• AVAILABLE DATA
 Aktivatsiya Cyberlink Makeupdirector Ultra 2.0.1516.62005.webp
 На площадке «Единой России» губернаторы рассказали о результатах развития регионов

---

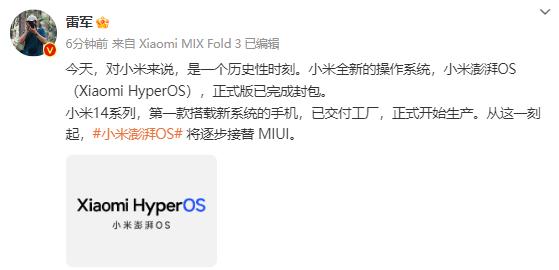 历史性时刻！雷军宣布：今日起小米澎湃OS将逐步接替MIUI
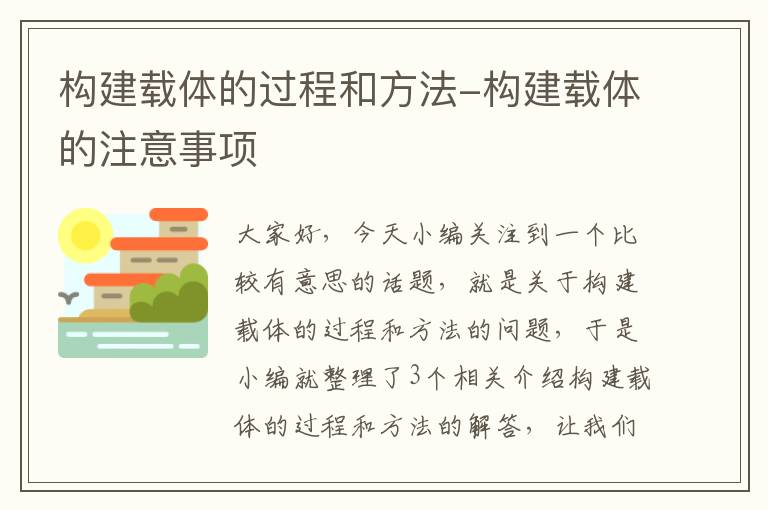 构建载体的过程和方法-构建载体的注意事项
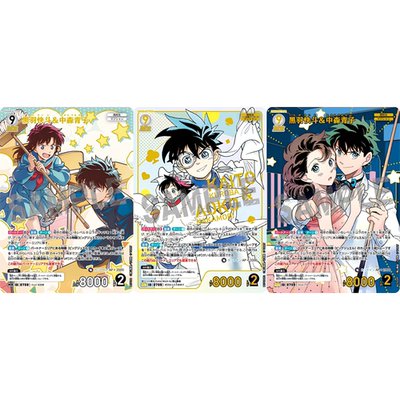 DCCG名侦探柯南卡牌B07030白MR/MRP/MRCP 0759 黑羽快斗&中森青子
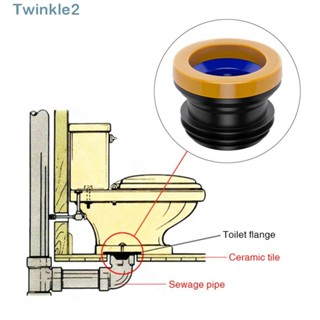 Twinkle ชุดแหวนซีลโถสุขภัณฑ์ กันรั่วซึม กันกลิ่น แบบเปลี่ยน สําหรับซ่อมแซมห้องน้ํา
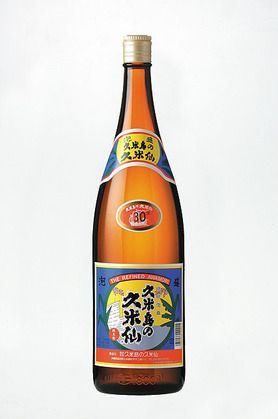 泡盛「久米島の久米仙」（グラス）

• WHAT IS REQUIRED
Would you print, exactly as written, every line above from the one holding "Aktivatsiya Cyberlink Makeupdirector" through the one holding "результатах развития регионов", with both included and no other lines?

• ANSWER SPACE
 Aktivatsiya Cyberlink Makeupdirector Ultra 2.0.1516.62005.webp
 На площадке «Единой России» губернаторы рассказали о результатах развития регионов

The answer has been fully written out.